VF:  Well yeah, I think if it would have been bad writing, it wouldn’t have gone that way.

BM: Right, but the fact is… my agent had lunch with the editor. I mean they routinely had lunch with each other. And then oddly enough, as soon as my book was accepted by this big publisher, I started getting calls from the New Yorker. They were calling me [laughs]. I mean, and this is horrible to say to writers who are coming up, but this is a lot of it. So… good luck.

VF: Yeah, I don’t know about 20th century publishing, but I know about publishing in the last decade or so. Even the big publishers, from what I understand, and I'm sure you can speak more to this, are going to ask you to do a lot of your own networking and hustling. I think we all had this idea of like Scribner’s with Faulkner and Hemingway… and there was this marketing machine that would just be there to sort of like promote these people. And they could just work. They could be drunken writers and never have to worry about anything else. But now you have to be your own publicist.

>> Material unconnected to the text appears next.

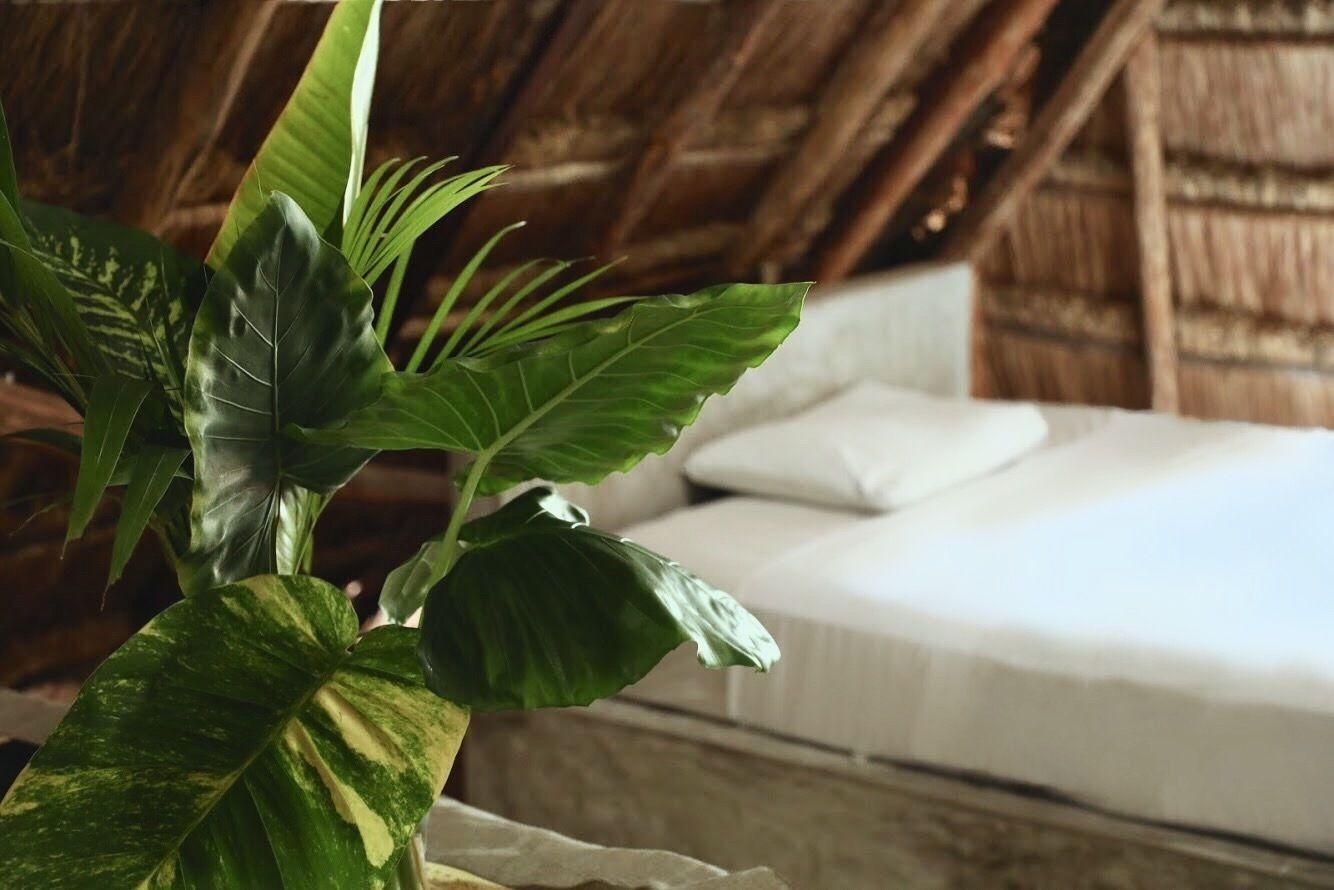 Aparthotel Tuup Jungle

BM: Yes, you have to be your own publicist. I tell that to all the authors that come to Blue Heron. With me at FSG, they’re a big part of McMillan, a huge publishing powerhouse, and the fact of the matter is that most of the things that were good that I got by way of publicity either I did or [my husband] did. We got the gig. It’s just the way it works. You gotta hustle. And the other thing I have to say about that now is… so that was a 2005 when I got my first book published. Then it was my collection of short stories, and I had a great agent. His assistant—he went to Oxford. I mean they were brilliant. They were real editors. And my agent came from The New Yorker and he worked with Tina Brown, and so they said, you know this isn’t short stories; this is one book. They actually helped me craft it into that, and then my editor, she said, “Well, these are really one story.” It was just vague editorial advice, but it was brilliant. On the money. And the fact is that now that kind of service isn’t there, and the agents don't even have time to do that with you. I know this from people who were trying… their stuff is good, but it needs work, and so what I tell everybody is you have to get a professional editor to help you before you even approach an agent, because nobody has time anymore to do that. I mean I was just so lucky to get in with these guys, but now by the time the agent gets to the publisher, it has to be ready to go. It has to be out of the box.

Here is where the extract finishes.